The United States has warned Iran that it will not allow it to develop the atomic bomb, but nothing has said, at least officially, of its murderous dolphins .

Russia is, behind the United States, the world's leading arms exporter: it sells tanks to India, helicopters to Egypt, missile defense systems to China, submarines to Algeria or planes to Angola.

And this despite the commercial sanctions imposed by the international community on the Government of Vladimir Putin for the invasion of Ukraine in 2014.

Iran is also subject to trade sanctions, in this case in punishment for its nuclear program, but could be preparing the purchase of airplanes and tanks in Russia in the coming months, according to US intelligence services.

Iran already has Russian weapons: the missile that shot down a Ukrainian passenger plane on January 7 was supposedly Russian-made.

The conflict with the United States following the assassination of Iranian General Qasem Soleimani has reactivated the fear of this arsenal, or about the possibility of receiving help to resume its nuclear program ( and get the atomic bomb in a matter of a year).

20 years ago, the situation was different: instead of bombs, dolphins were talked about .

Putin has just come to power in a still wobbly Russia after the fall of the Soviet Union.
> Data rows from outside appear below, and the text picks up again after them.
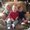 Photo of Donna D.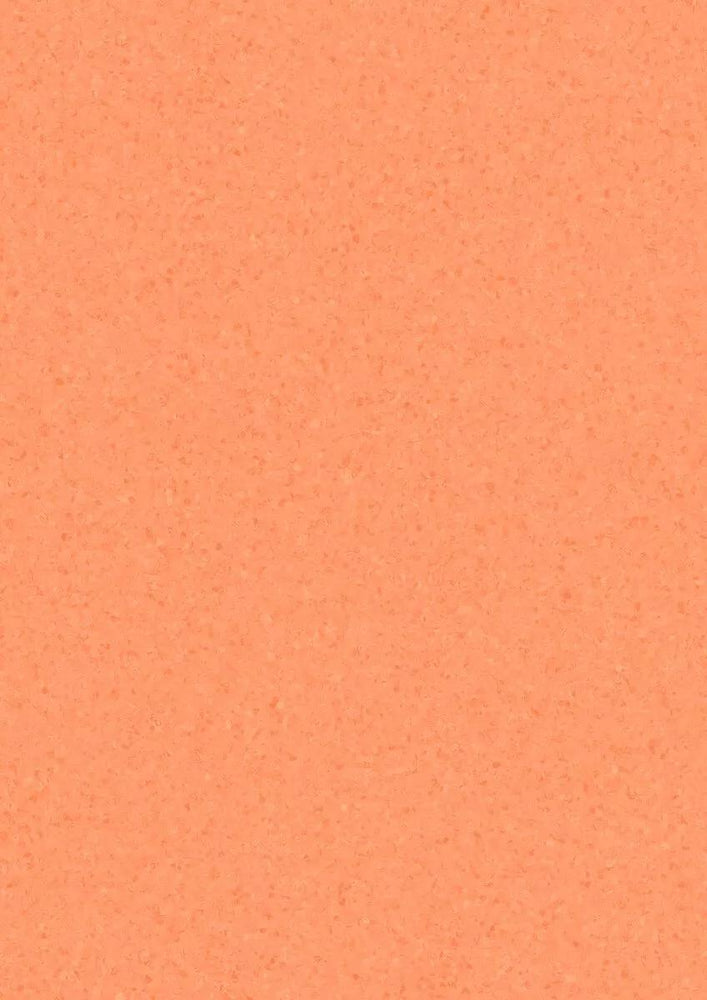 Melodia Orange Marigold 21020784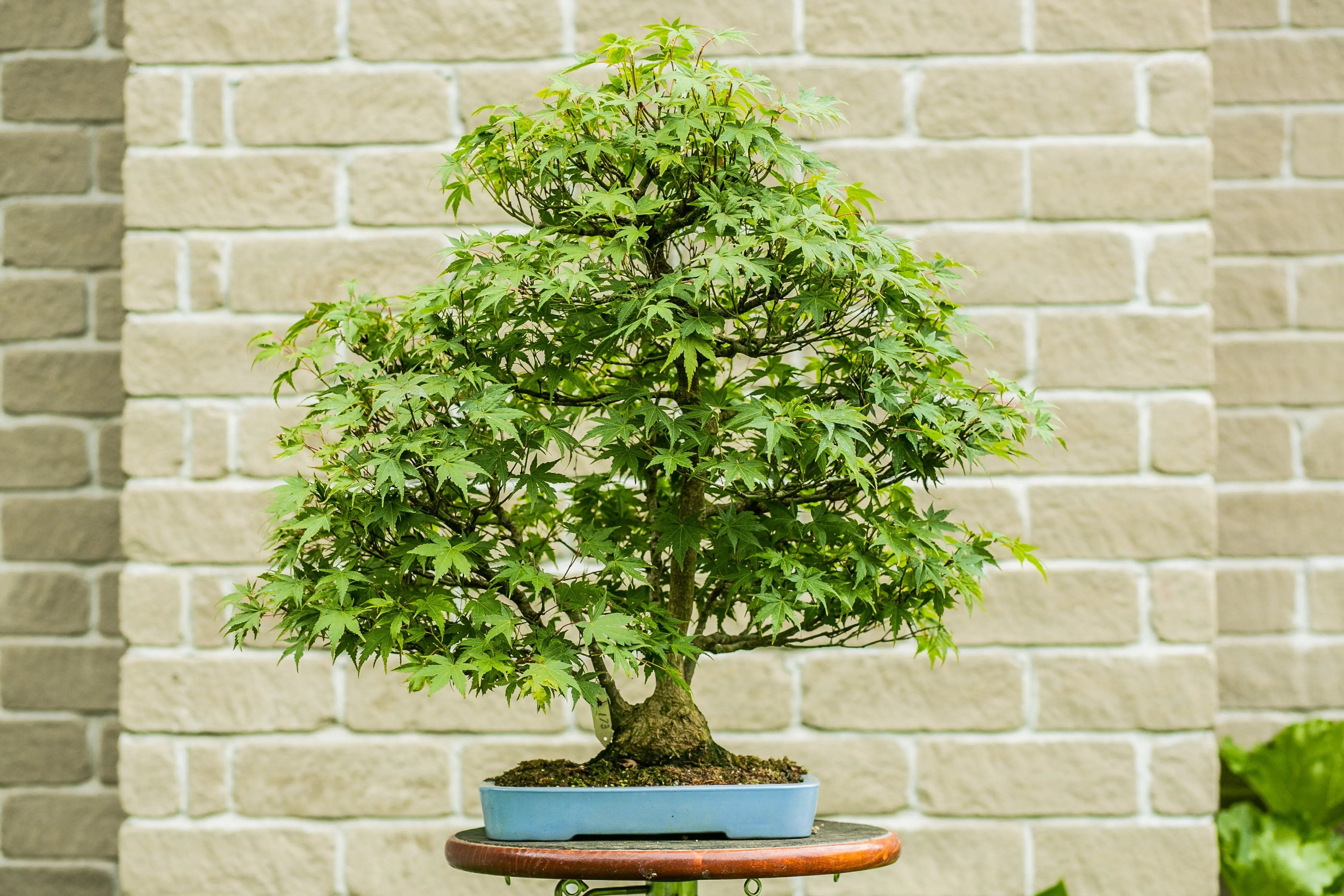 Acer palmatum Canada Bonsai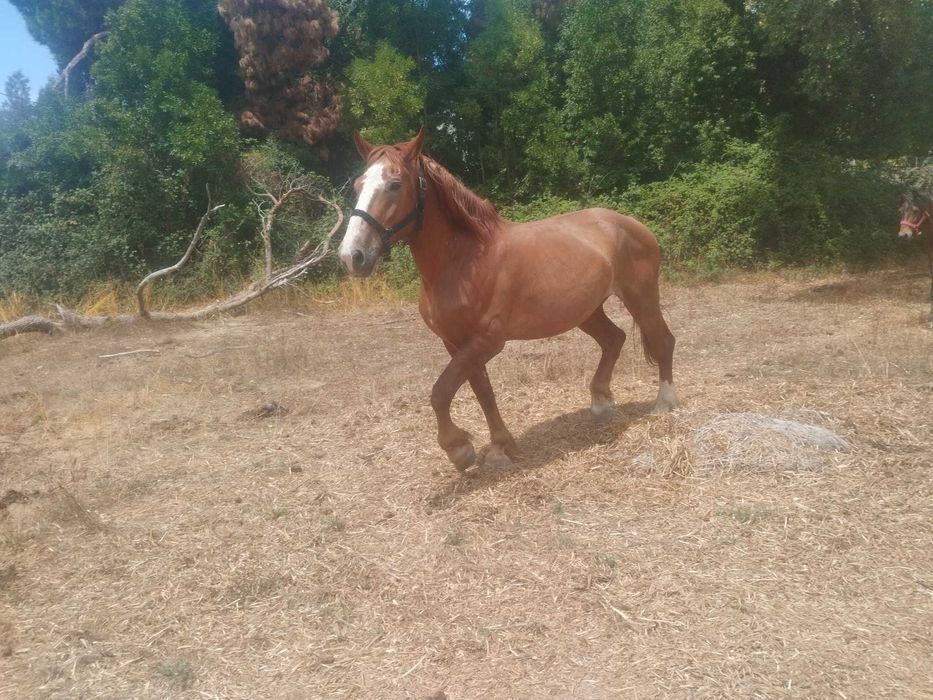 Égua bretona Laza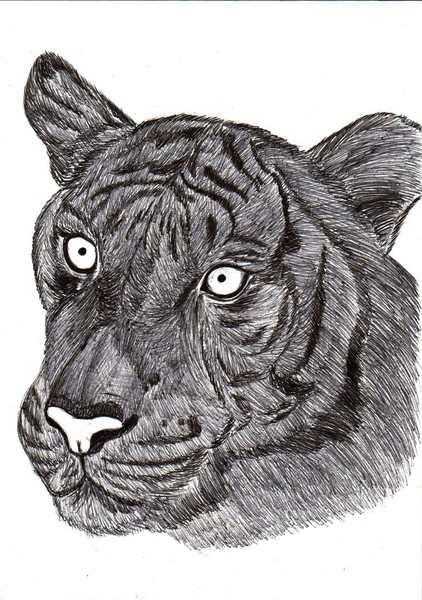  Original ink drawing of the tiger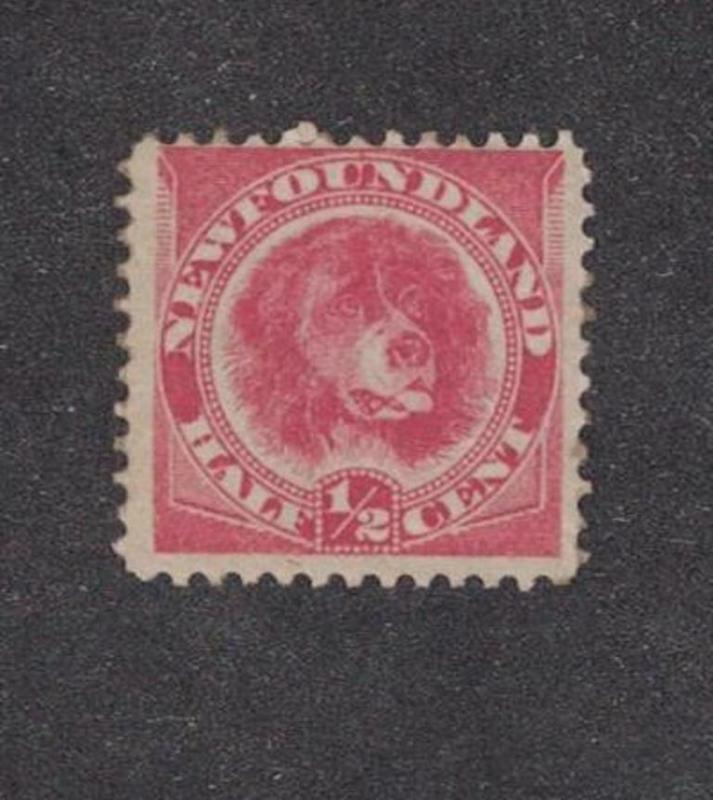 Newfoundland 56 - Newfoundland Dog Half Cent Orange Red.  MLH.OG.  #02 NEW56MLH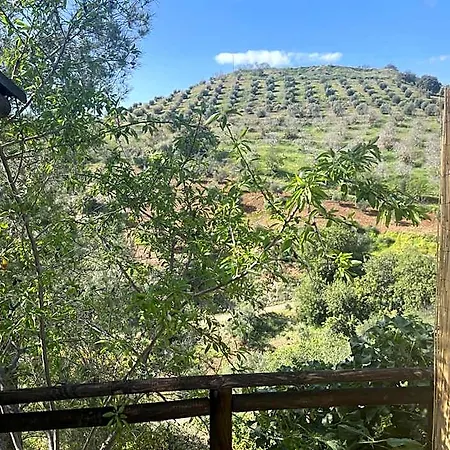 Sol Y Monte Bed and Breakfast Alora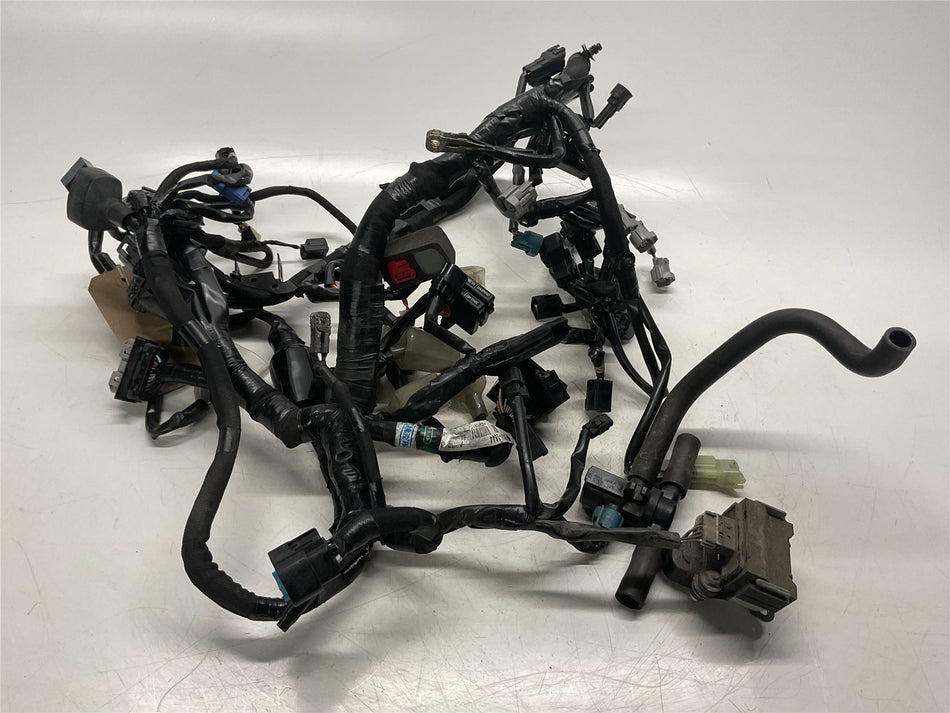 2020 Kawasaki Z900 Wiring Loom - 26031-2844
Among those who suffered from the strong economic crisis were Boris Zhurid, a doctor, submarine crew member , and owner of a herd of dolphins trained to kill by the Soviet Navy.

Trained to attack enemy divers (or even ships), the collapse of the Soviet Union led many of these animals to private dolphinariums where they played with tourists .

In March of the year 2000, Zhurid sold his entire pack to Iran, according to British public television (BBC), lacking the means to continue feeding them.

"It would have been sadistic to keep them in Sevastopol," he said, referring to the Soviet port on the Black Sea 1,100 miles west of the Iranian capital, Tehran. "I can't stand to see how my animals starve , we don't have medicines, which cost thousands of dollars, or more fish or food supplements," Zhurid explained.

Thus, the dolphins (in total, 27 animals, also counting a white whale , sea lions or seals), were flown to the Persian Gulf.

Years before they had received training to attack divers with harpoons attached to their backs, or to carry out suicide attacks with explosives against ships or submarines.

A Russian newspaper called them "mercenaries", saying that Iran had cheaply bought " an old secret Soviet weapon ".

The use that Iran has given to these animals, which can live up to 60 years, is unknown.